By R.C. Peris
Oddly, Kindred has set on my bookshelf for years. I carted it from LA to Phoenix. It was always on my to read list. As 2017 draws to a close, I evaluated what I had read for the year. It was not a good year for reading but it was an excellent year for writing. I completed a children’s picture book and two novels in two months. What I didn’t do was read a whole lot. I read Jane Eyre for the tenth time. I read Far From the Madding Crowd for the first time. I read Lady Chatterley’s Lover for the third time (I read it every decade and marvel at my changing views of it).
I have decided I did not have a good year reading. For 2018, I will read more women authors, science fiction, and books by people of color or diverse cultures. I discovered many lists of book suggestions for these categories. It’s not 2018 but I decided to start early. I pulled Kindred off the shelf. Octavia Butler hits all three of my reading goals. She’s a woman, black, and a science fiction writer. I read her biography. We are both California natives. I was surprised to learn she had dyslexia.
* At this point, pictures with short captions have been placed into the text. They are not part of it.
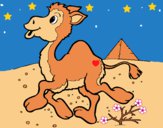 Dibujo Camello 1 pintado por LunaLunita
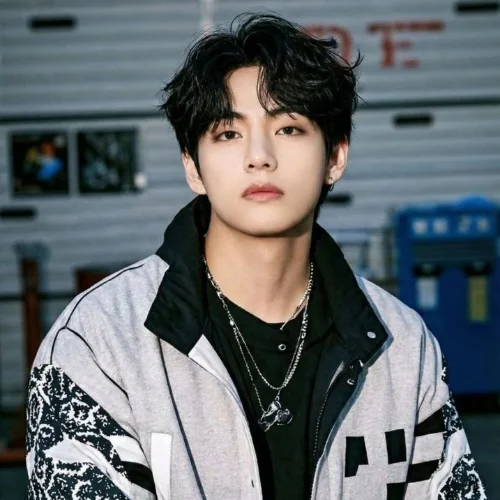 BTS Member Kim Taehyung Net Worth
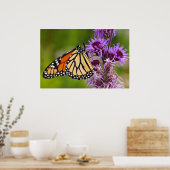 Monarchfalter auf Liatris Poster (Küche)
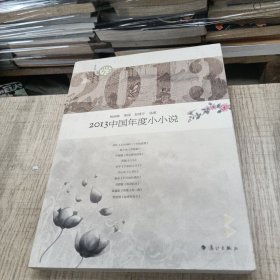 2013中国年度小小说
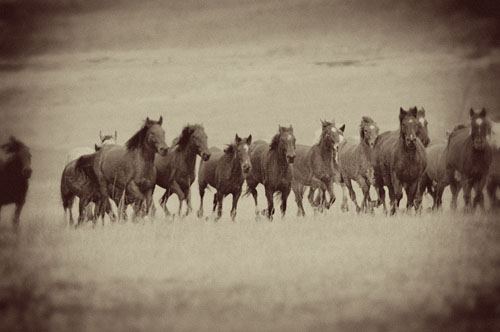 Vintage Mustangs, by Ree Drummond, The Pioneer Woman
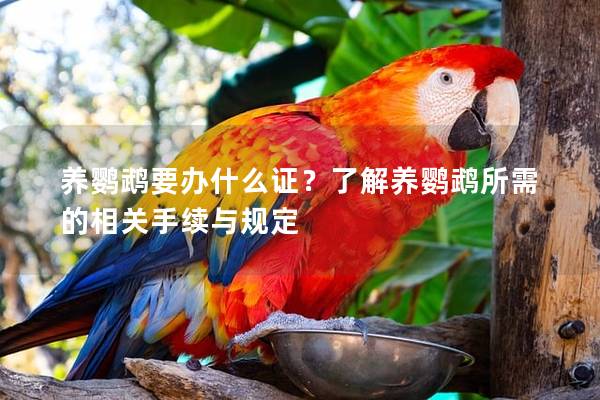 养鹦鹉要办什么证？了解养鹦鹉所需的相关手续与规定
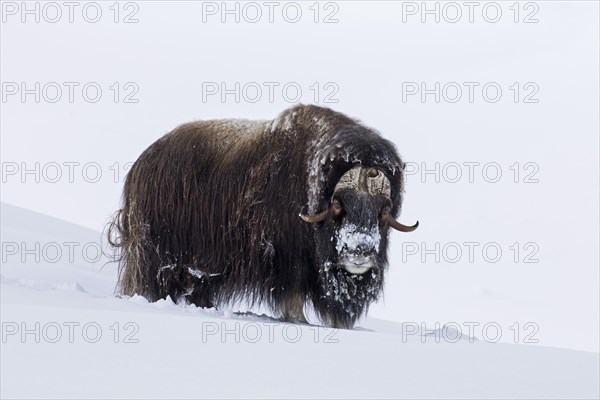 Muskox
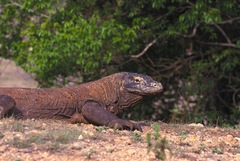 Varanus komodoensis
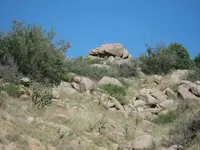 IMG_0679-1.webp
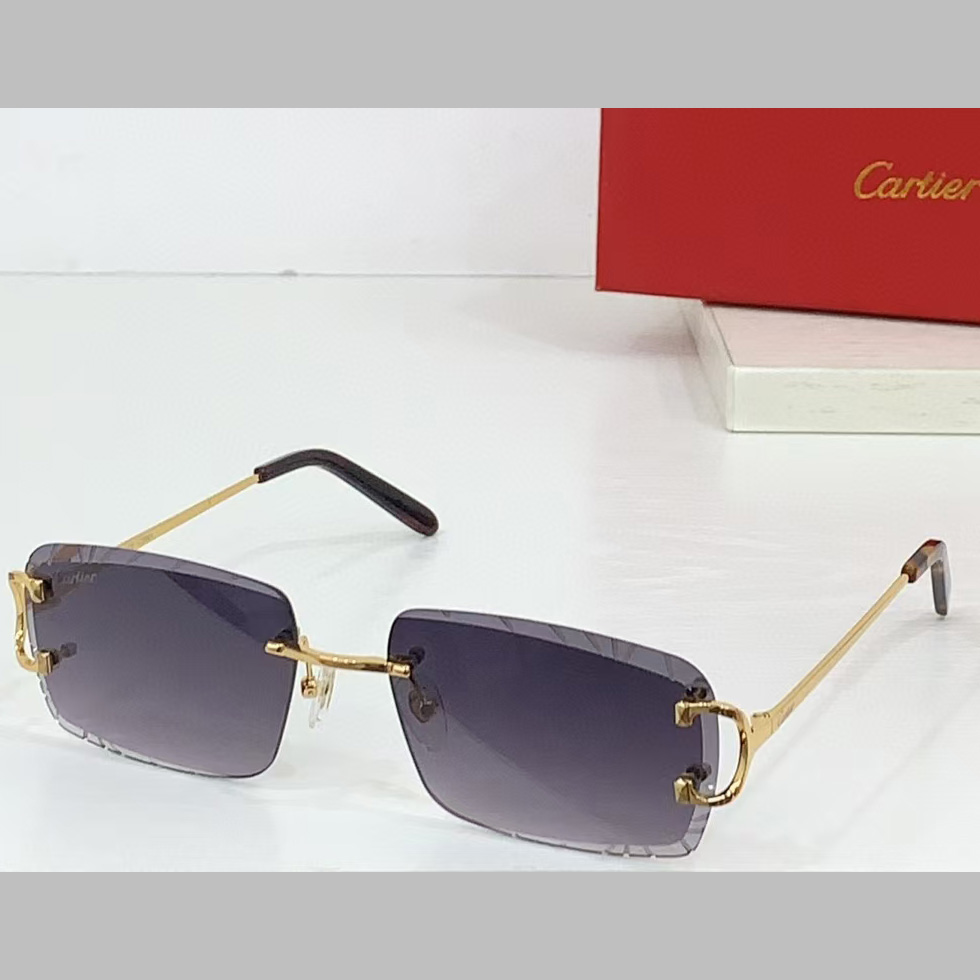 Cartier Sunglasses    - PerfectKickZ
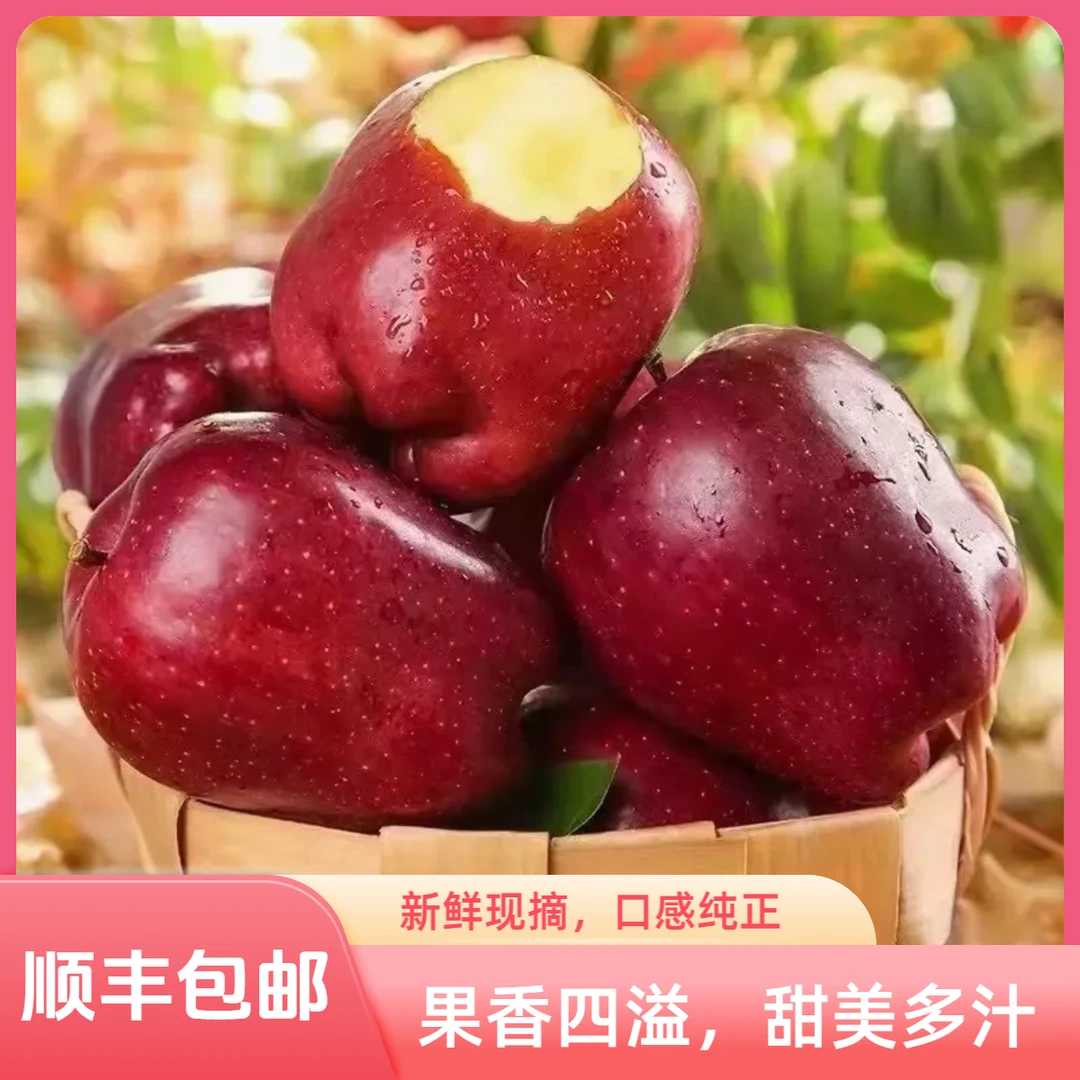 【天水豆豆甄选】【顺丰包邮果王】—天水花牛苹果自然生长新鲜采摘
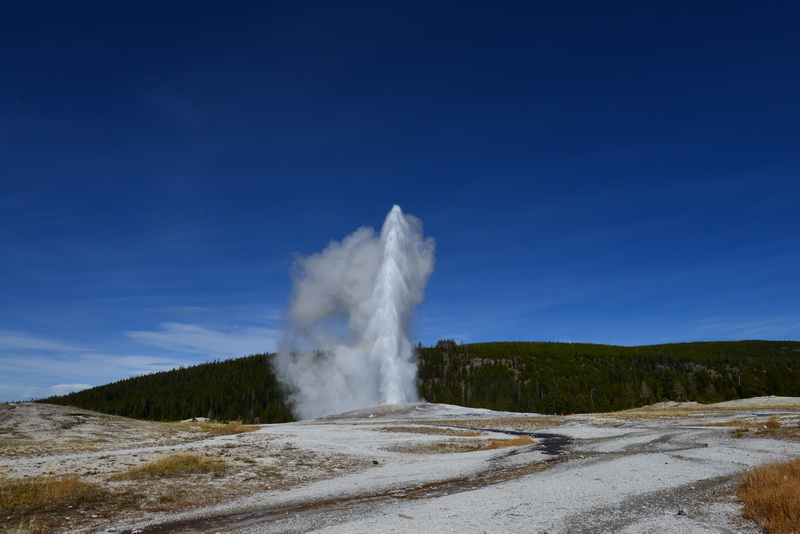 800彩票-Old faithful is still faithful-陈妍-15652790407_调整大小.jpg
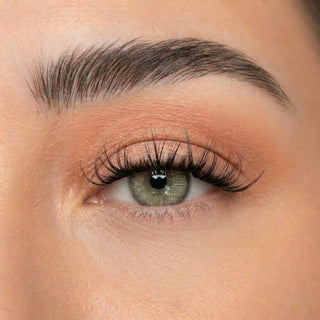 C& D Beauty Press And Go Lash Mini Kit
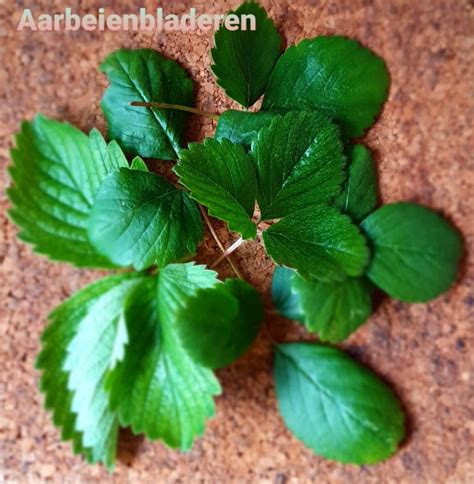 Lavendel Stekken Voor Beginners Artofit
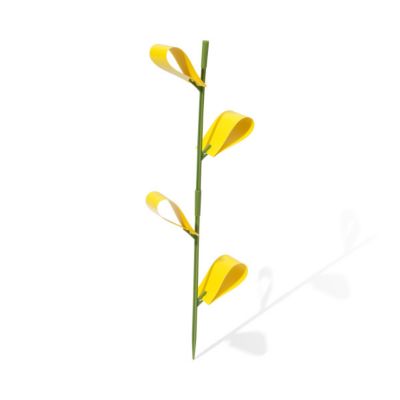 Image showing  Houseplant Sticky Stakes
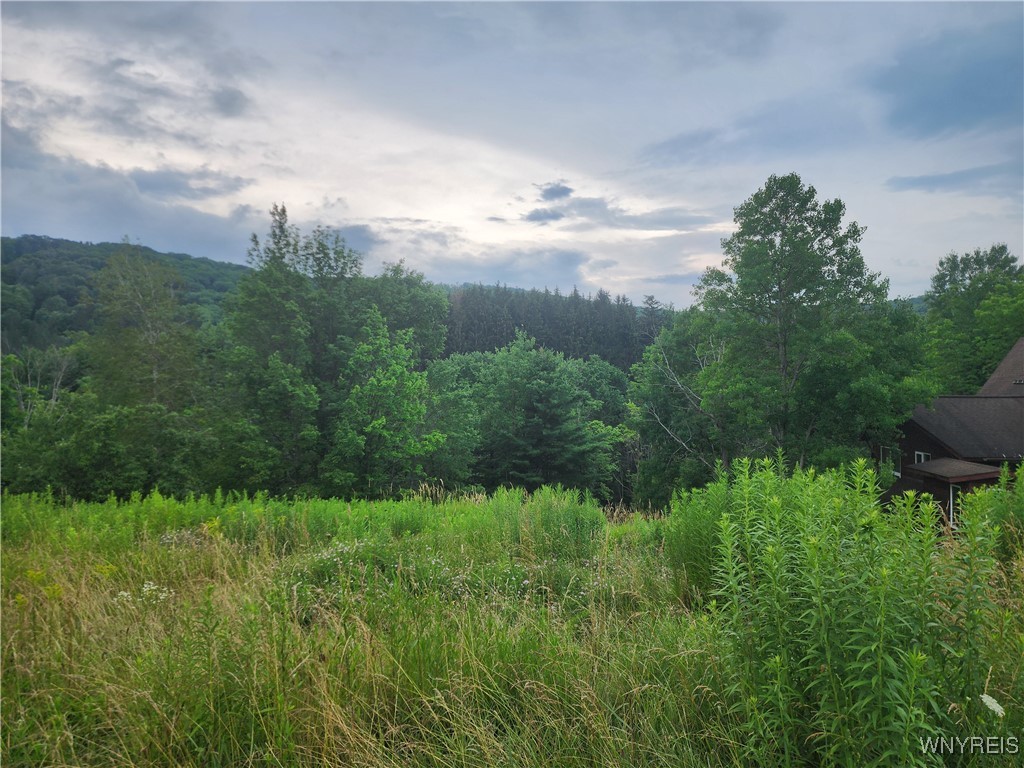 6843 Springs Road Ellicottville, NY 14731 - Photo 8 of 11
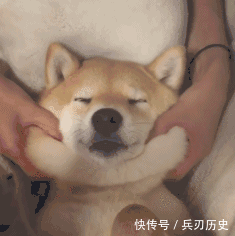 报警|装狗便便的包被抢走，她懵逼站路边，哭问“这……这能报警吗？”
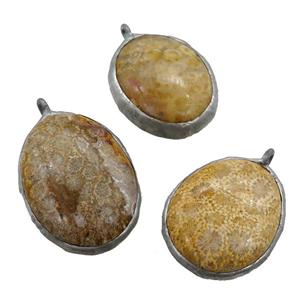 Coral Fossil pendant, mixed shape, mix color, platinum plated, approx 25-60mm [GM15005]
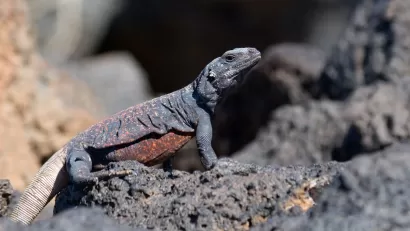 Chuckwalla lizard sitting on volcanic rock.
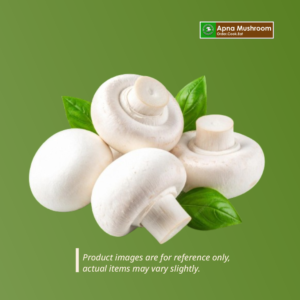 Button Mushroom-Fresh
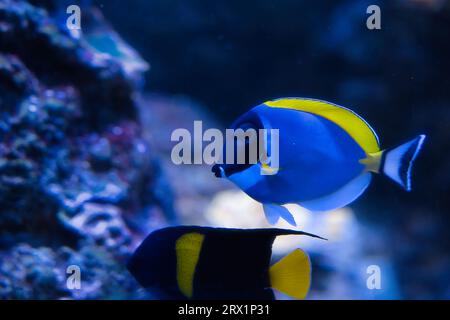Blauer Surgeonfisch, Pulverblauer Tang und Pulverblauer Surgeonfisch, ist eine Art von Meeresrochenflossen, die zur Familie der Acanthuridae gehört; Stockfoto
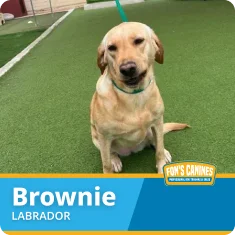 A yellow Labrador dog sits on artificial grass, wearing a green leash. Text overlay reads: "Brownie, Labrador, Fon's Canines.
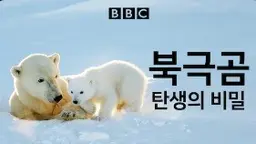 북극곰 탄생의 비밀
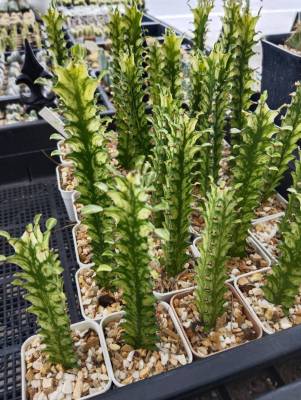 ยูโฟเบีย สลัดไดด่าง Euphorbia Trigona variegata กระบองเพชร จัดส่งต้นสลัดไดด่าง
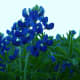 Texas Bluebonnets Brushy Creek Park Cedar Park TX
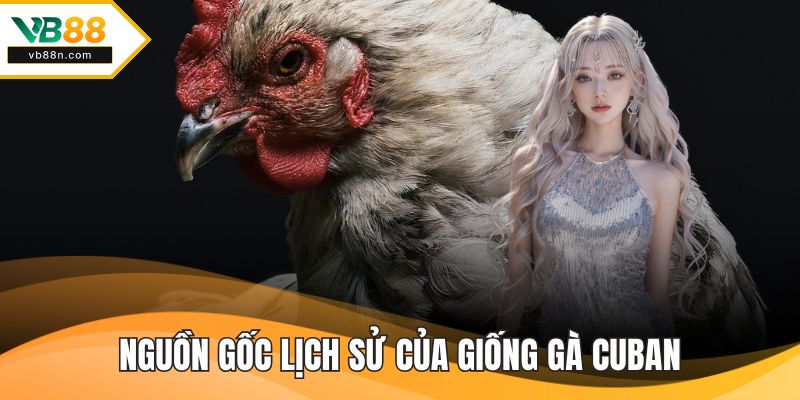 Nguồn gốc lịch sử của giống gà cuban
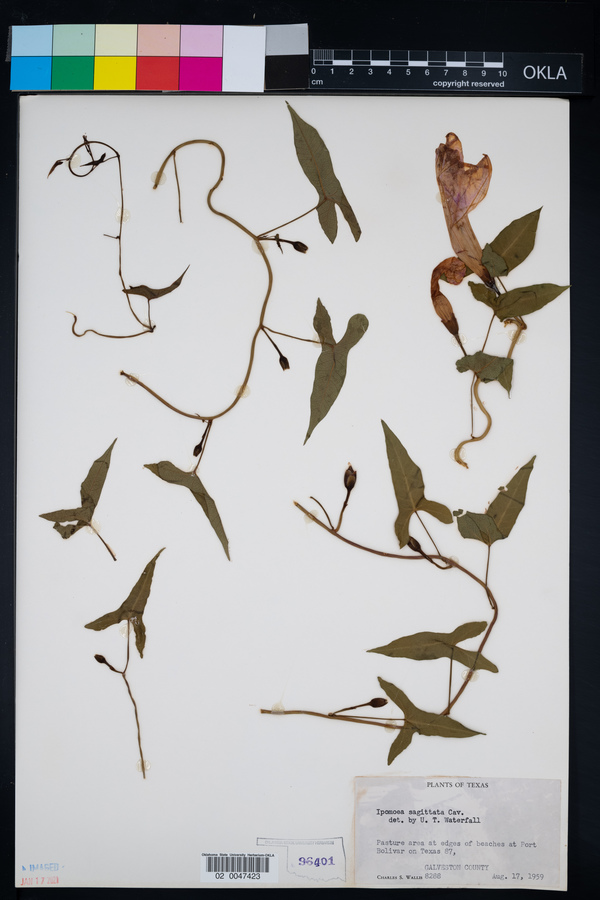 Ipomoea sagittata image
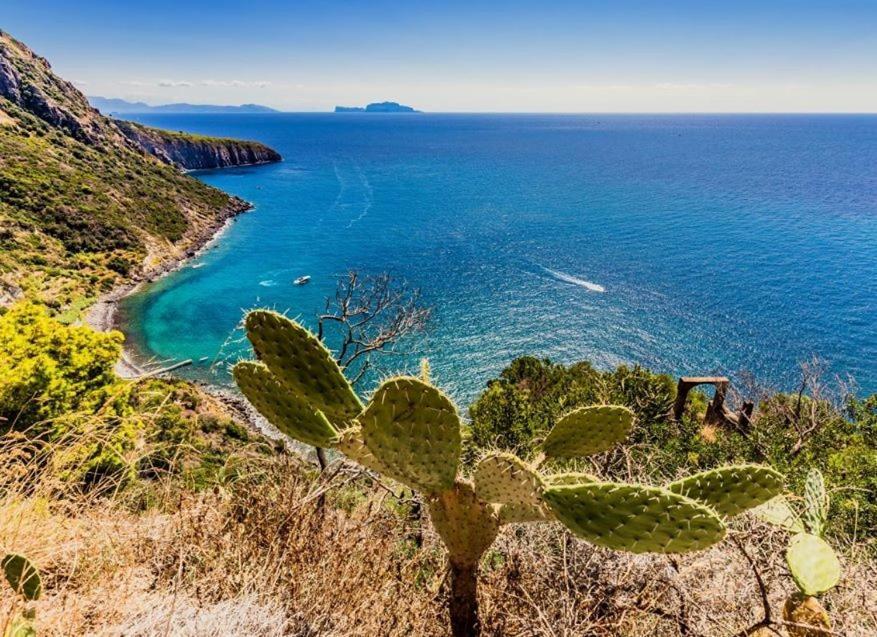 Hotel San Lorenzo Thermal Spa Forio di Ischia 外观 照片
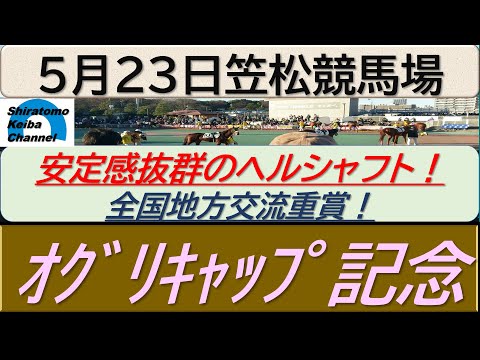 【競馬予想】オグリキャップ記念！～２０２４年５月２３日 笠松競馬場 ：５－４１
She didn’t drive for that reason. It’s hard to live in the Los Angeles area without driving. She rode a lot of buses. I lived in Pasadena when she was alive. I didn’t have a car for several months and I wondered if I ever rode the bus with her. She was friendly to everyone.
Octavia Butler’s dyslexia made me evaluate her writing style carefully. Her prose is clear, straightforward, and cogent. It’s a joy reading her words. I do miss the lyricism that other writers, like Leslie Marmon Silko, can interweave in their prose. But Octavia Butler’s writing style matches her subject. Kindred is about the horror of slavery and the courage the slaves demonstrated in light of their reality. I don’t think poetic lyricism would have been appropriate. Concise language reveals the horror of slavery. Concise language makes you afraid. Concise language conveys the injustice of slavery.
Octavia Butler died at the age of 58. She was one of the first female science fiction writers and one of the first who was black. She was a trailblazer who became the first science fiction writer to win the MacArthur grant. Kindred is a great novel about the dark shadow of American history – slavery.